Corporal Adram Loudon breathed a ragged sigh as the cityscape unfolded on the horizon, towering industrial silos cresting the rolling hills of the outskirts. The recycled air condensed in his re-breather mask, the plastic rubbing the bridge of his nose raw, irritating him like an itch he couldn’t scratch. Beads of sweat rolled down his face from the evening heat, the salty perspiration further irritating his face. He contemplated for a moment taking the mask off, but dismissed the thought as soon as it came to him. The air contained micro nutrients that accelerated and improved plant growth, but would rot his lungs in an instant. He sighed again.


The land speeder gave a lurch as it hit another of the many bumps on the hard packed dirt that served as a road, and he gripped the handrail above his head. His eyes swept the landscape, squinting in the dying light of the sun. The hills were overlaid with a grid of green and light brown fields of various crops that this planet supplied to the Imperium; the occasional cluster of buildings the only mark of human habitat outside the city. 

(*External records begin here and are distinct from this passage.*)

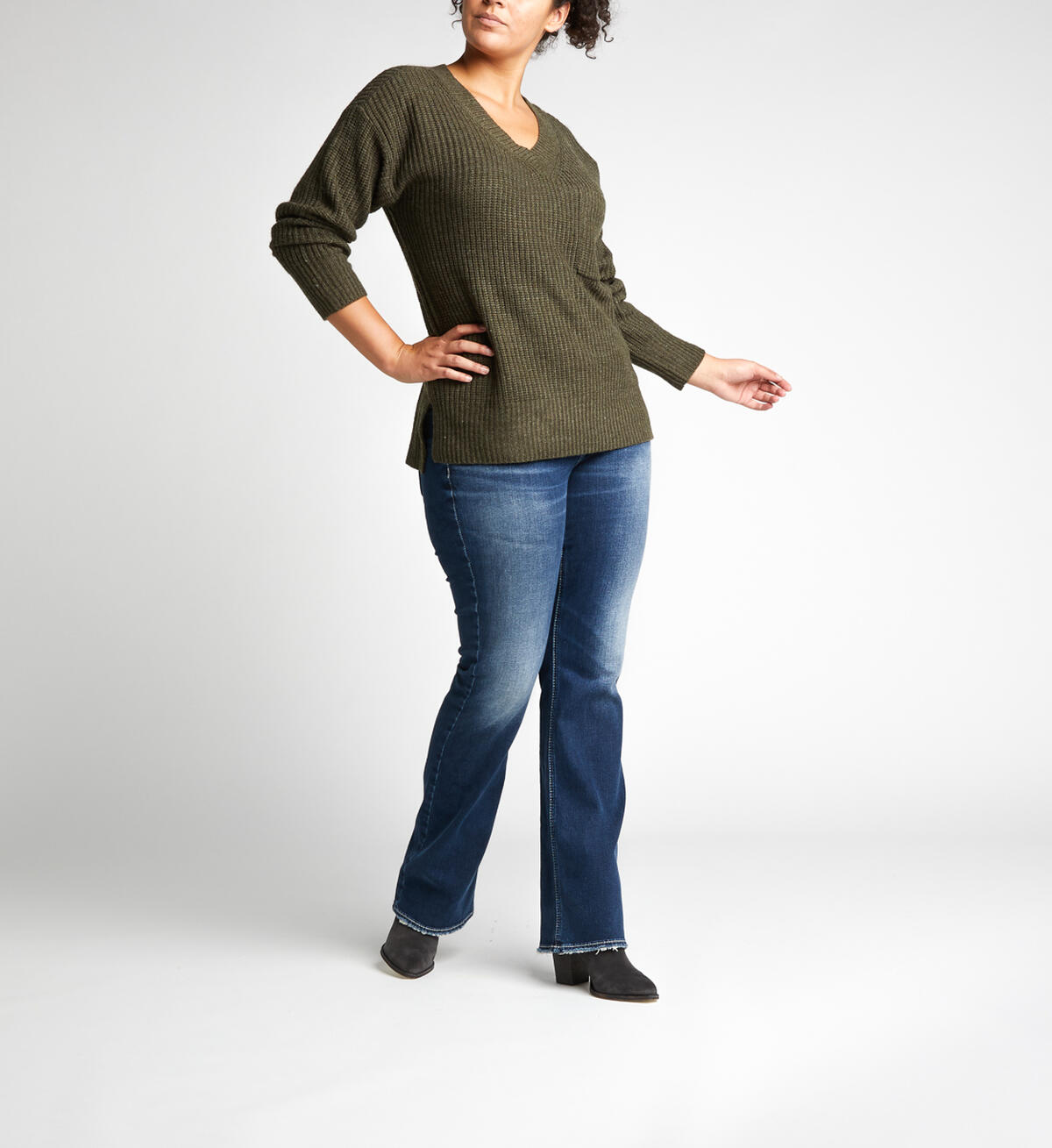 Suki Mid-Rise Curvy Slim Bootcut Jeans, , hi-res image number 0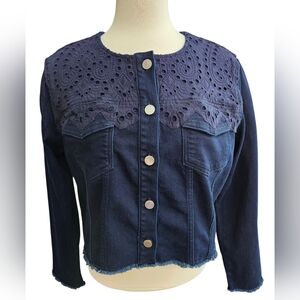 Guess Dark Blue Eyelet Yoke Denim Jacket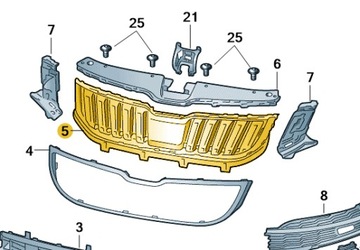 РЕШЁТКА РАДИАТОРА РЕШЁТКА СЕТКА OE SKODA KAROQ 57A853653AZD4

He turned his gaze ahead towards their destination. Contrails of thick smoke curled from the sundered towers, and plumes of orange flame blossomed from the roadway as the Imperial armour smashed through the rebel defences. A steady stream of dropships blazed through the sky like a swarm of blood-slick darts, discharging small pods of troops deep into the urban sprawl. Tanks rolled pass their speeder, Guardsman hitching rides on their steel backs, gun battery shells bursting in the fields beside them

“So what are we doing here, exactly, again” asked one of the soldiers, his voiced drowned out by the rumble of the armoured column.

“You should read the briefing next time genius” answered one of the soldiers.

“Ah hell we all know Olsen can’t read” someone shouted enticing around laughter from the troops, and a reddened face from Olsen.

“Knock it off Kastler, barked Sergeant Carson, get your head in the game, were going to be in combat in less the ten minutes so shape up”. The squad sobered, eyes dropping towards the floor,

“Besides it’s not his fault his mother never taught him.” The squad erupted in laughter again giving Olsen a round of friendly punches. Loudon grinned. Sergeant Carson had a way of being strict and entertaining at the same time. providing a good balance of camaraderie and command.

“For your information, said Carson, the task is; to get inside the city and shoot the living hell out of everything that moves. I expect minimum casualties and no screw ups.” They all nodded.

Loudon gripped his rifle and checked it over, cleaning the barrel, adjusting the sights and making sure had a full cell of ammo. Satisfied, he shucked the strap over his shoulder, the weight comfortable on his back. The vox bead in his ear clicked on.

“We are entering the deployment zone in T-minus two minutes, all armour be advised there are mortars reported along the...” A deafening boom interrupted the transmission, the speeder quaking from the blast. The driver swore and tried to evade, swerving over the burning roadside turning towards the ditch. Another shell propelled into the adjacent ground, the land speeder tilting onto one tack. Loudon shielded his hands with his arms, swarms of shrapnel and sparks whizzing around like a swarm of metallic hornets. The third blast tipped it over.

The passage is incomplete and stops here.